By Aluta News
Oct. 14, 2021
The International Labour Organisation (ILO) has called for increased investments in universal social protection, decent work and a green transition.
ILO Director-General, Mr Guy Ryder, made the call in a statement at the annual meetings of the IMF and the World Bank Group on Thursday.
Ryder said this would ensure a human-centred recovery from the pandemic and empower people to navigate the challenges of a rapidly changing world of work.
He called on countries to back the Global Accelerator for Jobs and Social Protection launched by the UN Secretary-General and the ILO at the General Assembly in September, saying that this would increase investments in universal social protection, decent work and a green and just transition.
Ryder recalled how the pandemic had been devastating for the most vulnerable, especially women, children, and underlined that they faced a very different future, depending on where they lived.
“The recovery is deeply uneven, spurred by vast differences between advanced and developing economies in access to vaccines.
“Also,, the fiscal capacity and ability of governments to respond, a growing digital divide and the threat of a looming debt crisis. This is creating a great divergence, which puts the recovery itself at risk and undermines trust and solidarity, ’’he said.
He noted that an estimated 8.8 per cent of total working hours were lost globally in 2020, representing an equivalent to the hours worked in one year by 255 million full-time workers.
Governments across the world have implemented an unprecedented employment and social protection response to protect people’s health, employment and incomes, Ryder noted.
“But, these measures are insufficient to mitigate the full impact of the crisis and have left 53.1 per cent of the global population unprotected, or some 4.14 billion people,’’ Ryder added.
He said that this was the time to show solidarity and to increase investments in universal social protection, decent work and gender-equal societies.

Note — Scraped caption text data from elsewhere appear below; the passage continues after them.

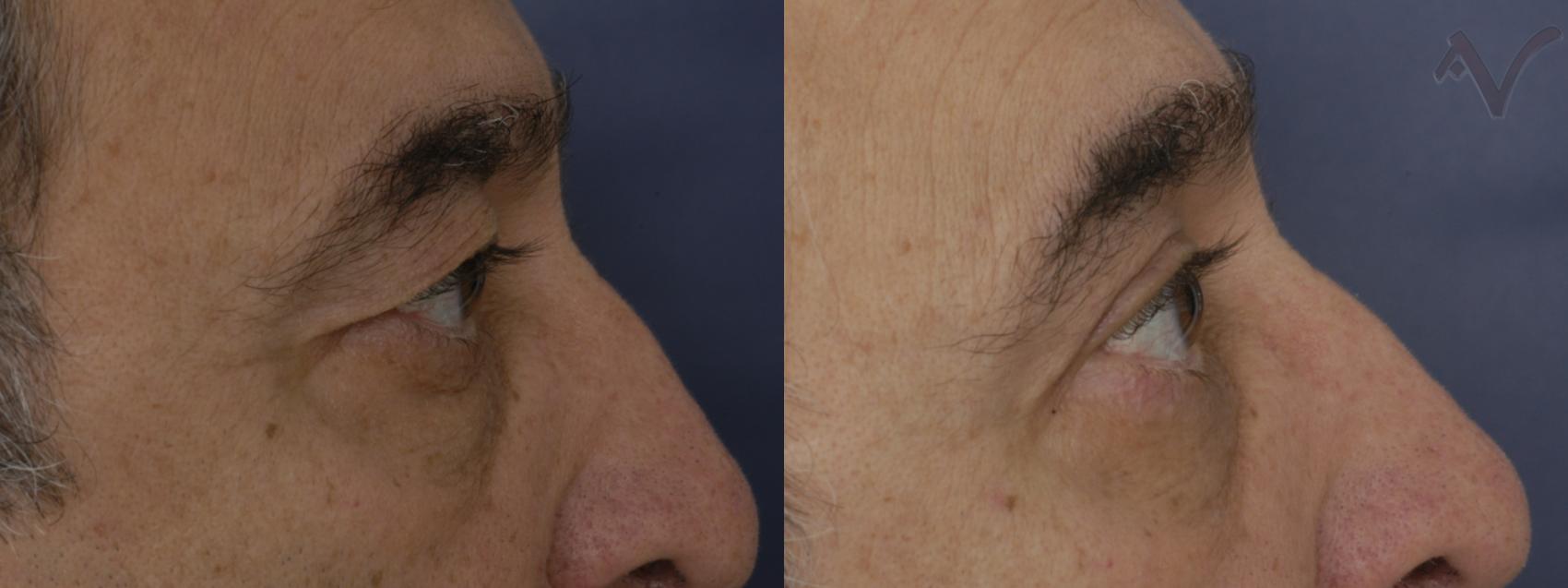Before & After Eyelid Surgery Case 317 Right Side View in Burbank, CA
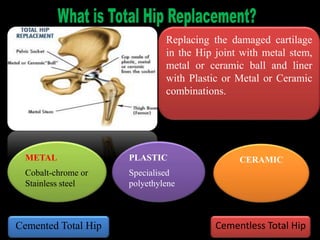 Replacing the damaged cartilage
in the Hip joint with metal stem,
metal or ceramic ball and liner
with Plastic or Metal or Ceramic
combinations.
METAL
Cobalt-chrome or
Stainless steel
PLASTIC
Specialised
polyethylene
CERAMIC
Cemented Total Hip Cementless Total Hip
 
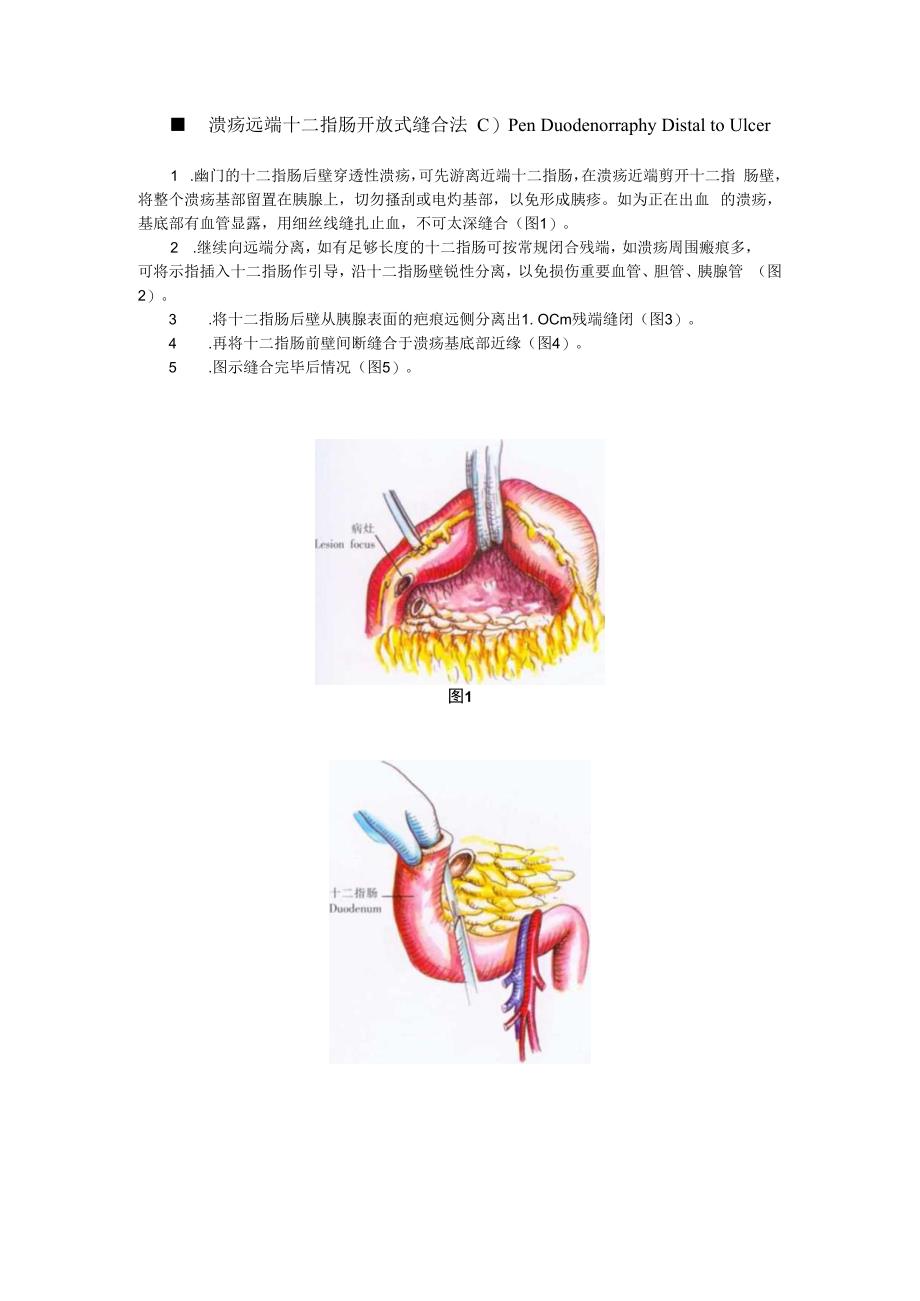 手术图谱资料：胃、十二指肠溃疡切除的非常规术式.docx_第2页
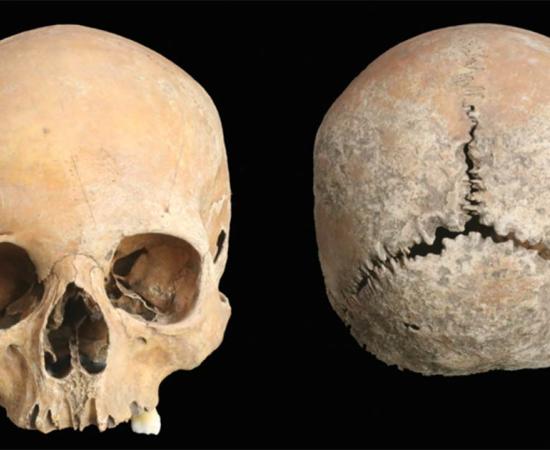 Views of the cleaned Anglo-Saxon woman’s skull.      Source: G. Cole / Antiquity Publications Ltd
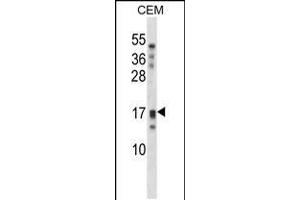 Western blot analysis in CEM cell line lysates (35ug/lane). (Kallikrein 15 anticorps  (AA 78-106))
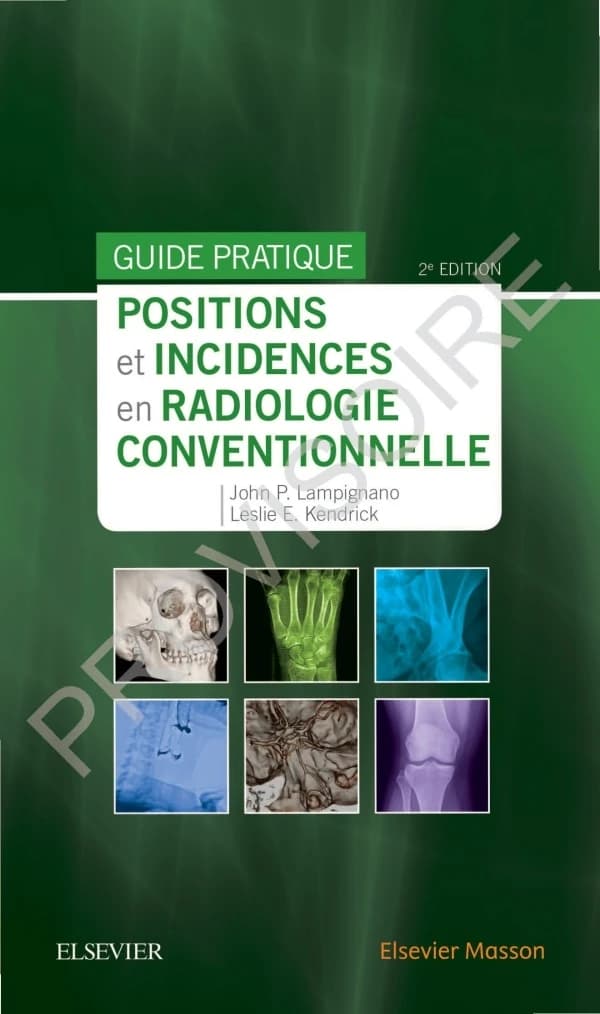 Positions et incidences en radiologie conventionnelle : guide pratique Bontrager (2e éd.) John P. Lampignano,... Leslie E. Kendrick,... ; traduit et adapté de la 9e édition américaine par Eric Bauer et Jean-Philippe Dillenseger,...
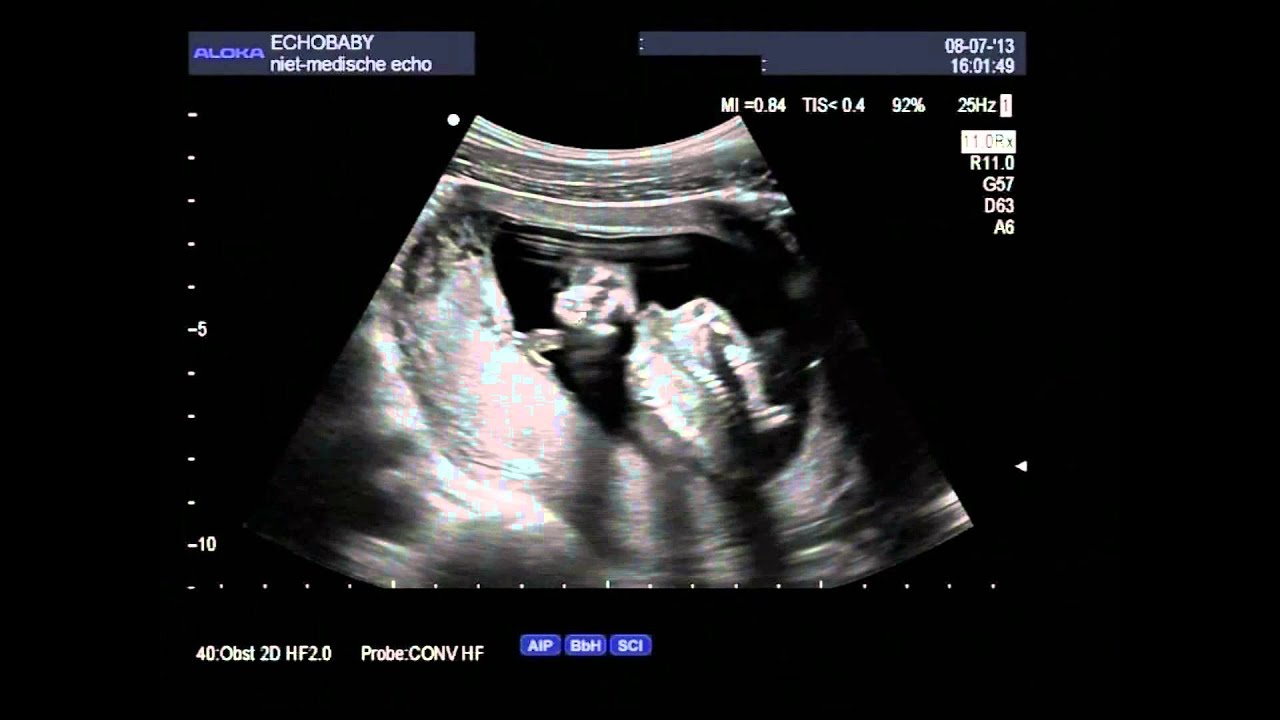 Echo 14 Weken Zwanger Jongen Met Ingesproken Uitleg YouTube echo-14-weken-zwanger-jongen-met-ingesproken-uitleg-youtube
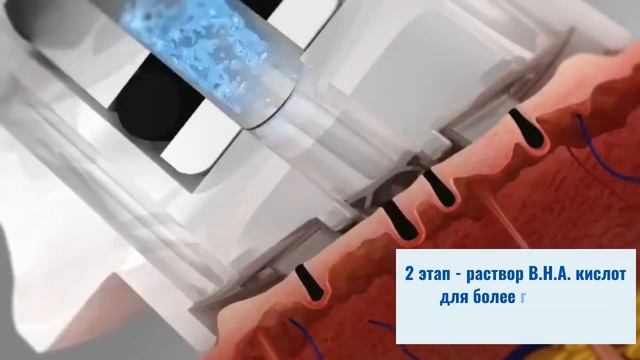 Авкапилинг на аппарате ProFacial смотреть онлайн
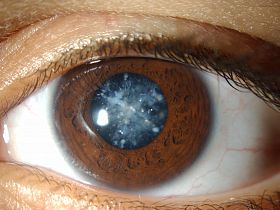 Что такое катаракта - катаракта, помутнение хрусталика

The ILO boss further called on countries to take a “high road” to social protection by investing in universal, comprehensive, adequate and sustainable social protection systems, in line with human rights principles and international social security standards.
According to Ryder, without adequate financing and political will, governments could fall back on a “low road” , marked by minimal benefits and wide coverage gaps.
He said that the advances made through the Financing for Development Initiative need to be pushed forward and to scale not just to address the imminent debt crisis.
It is also to unleash investments in an inclusive, sustainable and resilient recovery, re-channelling the IMF’s unprecedented allocation of Special Drawing Rights (SDRs) of US$650 billion to those countries and purposes that need it most, Ryder said.
He also emphasised the need to fight climate change by creating decent work for all stressing that “a green and just transition holds massive potential for all countries, particularly by investing in more sustainable and diversified economies, as well as in the creation of new productive employment opportunities.‘’.